To run this model directly in the browser with zero setup, open it in [Colab here](https://colab.research.google.com/github/sararob/keras-wine-model/blob/master/keras-wide-deep.ipynb).

In [0]:
from __future__ import absolute_import
from __future__ import division
from __future__ import print_function

In [0]:
# Install the latest version of TensorFlow
!pip install -q -U tensorflow==1.7.0

In [0]:
import itertools
import os
import math
import numpy as np
import pandas as pd
import tensorflow as tf

from sklearn.preprocessing import LabelEncoder
from tensorflow import keras
layers = keras.layers

# This code was tested with TensorFlow v1.7 
print("You have TensorFlow version", tf.__version__)

You have TensorFlow version 1.7.0


In [0]:
# Get the data: original source is here: https://www.kaggle.com/zynicide/wine-reviews/data
URL = "https://storage.googleapis.com/sara-cloud-ml/wine_data.csv"
path = tf.keras.utils.get_file(URL.split('/')[-1], URL)

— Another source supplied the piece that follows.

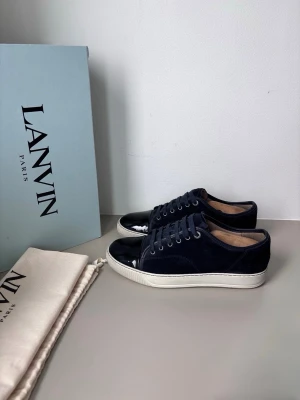 Lanvins  - Säljer ett par snygga lanvins i mörkblå färg. Storlek UK7 (EU41), cond 8,5/10 liten bit av sulan har chippats av samt heeldrag men mockan i fint skick! Medkommer OG box och dustbag!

Downloading data from https://storage.googleapis.com/sara-cloud-ml/wine_data.csv


In [0]:
# Convert the data to a Pandas data frame
data = pd.read_csv(path)

In [0]:
# Shuffle the data
data = data.sample(frac=1)

# Print the first 5 rows
data.head()

Unnamed: 0.1,Unnamed: 0,country,description,designation,points,price,province,region_1,region_2,variety,winery
50822,50822,US,"An awkward wine. Smells a little vegetal, and ...",Family Estate Vineyard Private Reserve,82,48.0,California,Santa Lucia Highlands,Central Coast,Pinot Noir,Manzoni
32472,32472,France,This is a wine with potential. It has weight a...,,90,10.0,Bordeaux,Bordeaux,,Bordeaux-style Red Blend,Château Camelot la Chapelle
30941,30941,France,This structured wine with good weight is full ...,,88,30.0,Burgundy,Savigny-lès-Beaune,,Pinot Noir,Pierre Cornu Camus
134662,134662,Italy,"Made from Vermentino Nero, this unique red rec...",,88,45.0,Tuscany,Toscana,,Vermentino Nero,Cima
10303,10303,US,The sweet smell of campfire meets with bacon f...,Solomon Hills Vineyard,94,50.0,California,Santa Maria Valley,Central Coast,Pinot Noir,Landmark


In [0]:
# Do some preprocessing to limit the # of wine varities in the dataset
data = data[pd.notnull(data['country'])]
data = data[pd.notnull(data['price'])]
data = data.drop(data.columns[0], axis=1) 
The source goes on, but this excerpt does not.